Prompt =
The entries below contain pictures, which are to be left out; write out exactly, and only, the lines from the line with "Unfurnished bedroom with" up to and including the line with "冬季时尚概念平铺。温暖、舒适的冬季服装，白色背景上的圣诞装饰品".

Entries provided =
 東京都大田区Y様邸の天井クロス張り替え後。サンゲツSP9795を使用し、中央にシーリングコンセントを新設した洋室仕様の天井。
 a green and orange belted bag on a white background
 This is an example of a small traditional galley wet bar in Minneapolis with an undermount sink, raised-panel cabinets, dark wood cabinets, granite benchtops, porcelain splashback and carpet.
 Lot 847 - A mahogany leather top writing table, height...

==

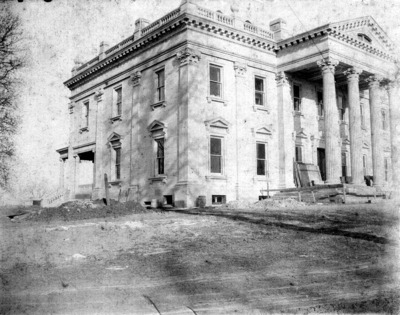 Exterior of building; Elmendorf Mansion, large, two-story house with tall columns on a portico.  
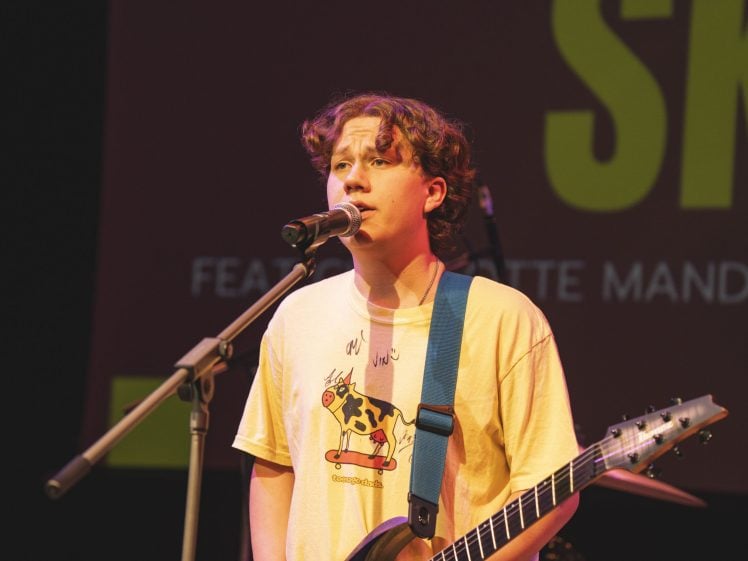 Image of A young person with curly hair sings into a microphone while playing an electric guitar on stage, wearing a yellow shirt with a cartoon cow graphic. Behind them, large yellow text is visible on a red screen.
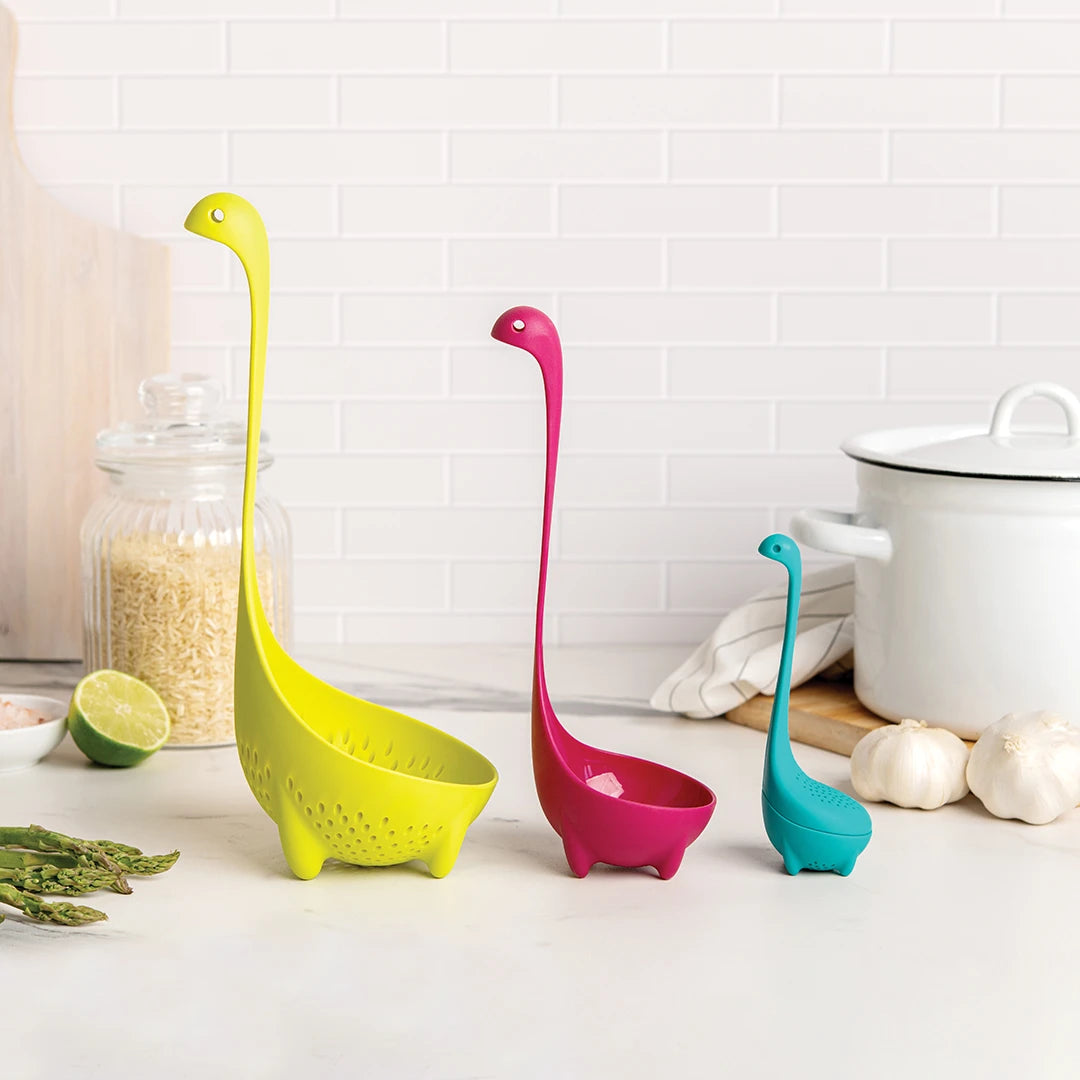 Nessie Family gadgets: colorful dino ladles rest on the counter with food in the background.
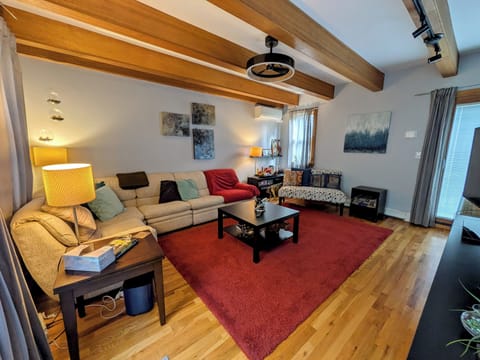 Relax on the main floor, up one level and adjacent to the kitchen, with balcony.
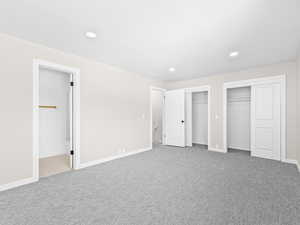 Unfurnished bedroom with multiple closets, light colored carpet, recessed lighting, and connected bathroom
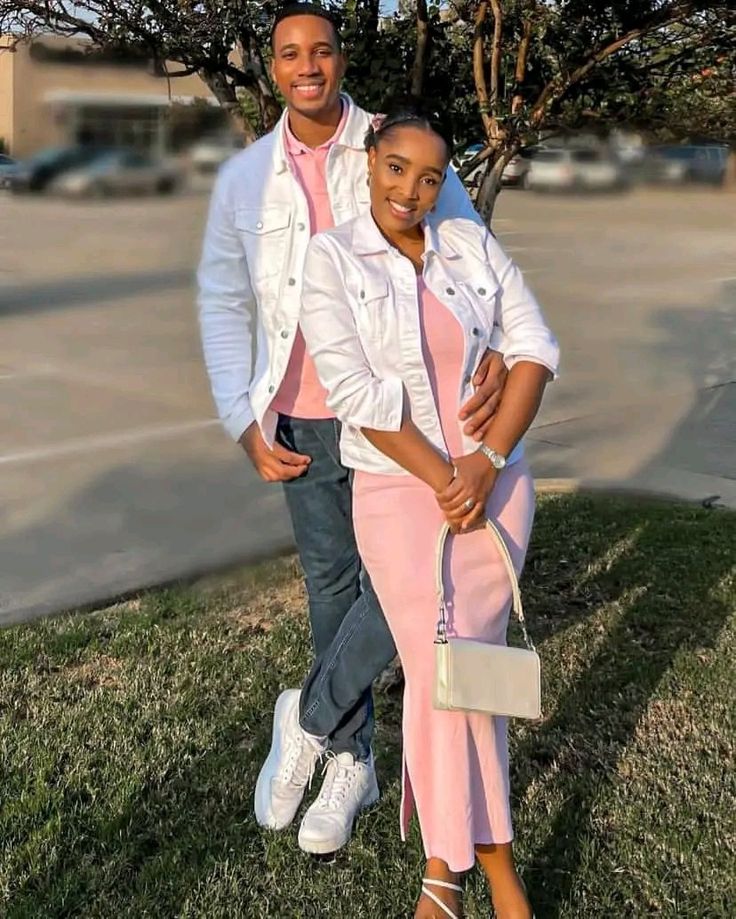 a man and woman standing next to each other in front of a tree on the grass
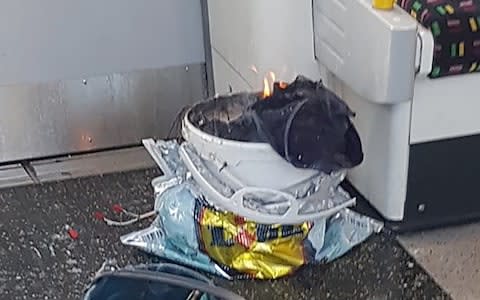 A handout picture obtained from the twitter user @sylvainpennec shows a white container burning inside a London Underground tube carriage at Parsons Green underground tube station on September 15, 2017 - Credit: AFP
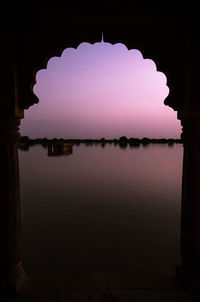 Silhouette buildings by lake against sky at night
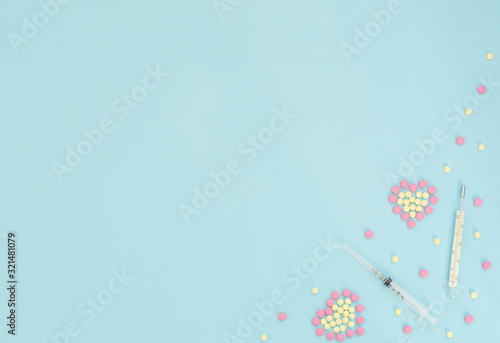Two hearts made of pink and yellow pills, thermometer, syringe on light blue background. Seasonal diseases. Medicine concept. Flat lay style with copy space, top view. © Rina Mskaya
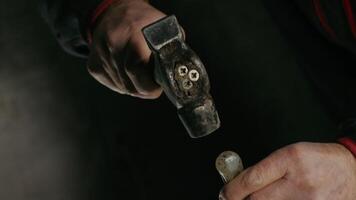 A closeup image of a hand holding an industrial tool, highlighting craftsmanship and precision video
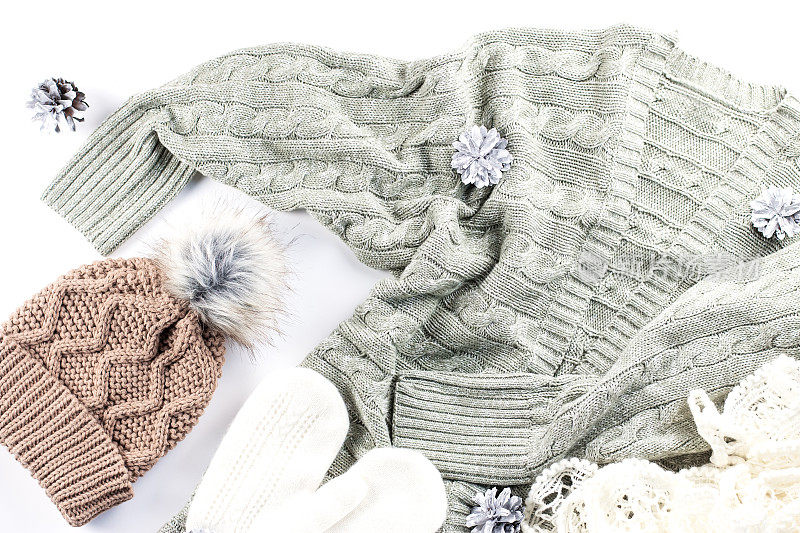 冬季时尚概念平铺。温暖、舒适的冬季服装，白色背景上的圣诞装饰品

Written answer =
 Unfurnished bedroom with multiple closets, light colored carpet, recessed lighting, and connected bathroom
 a man and woman standing next to each other in front of a tree on the grass
 A handout picture obtained from the twitter user @sylvainpennec shows a white container burning inside a London Underground tube carriage at Parsons Green underground tube station on September 15, 2017 - Credit: AFP
 Silhouette buildings by lake against sky at night
Two hearts made of pink and yellow pills, thermometer, syringe on light blue background. Seasonal diseases. Medicine concept. Flat lay style with copy space, top view. © Rina Mskaya
 A closeup image of a hand holding an industrial tool, highlighting craftsmanship and precision video
 冬季时尚概念平铺。温暖、舒适的冬季服装，白色背景上的圣诞装饰品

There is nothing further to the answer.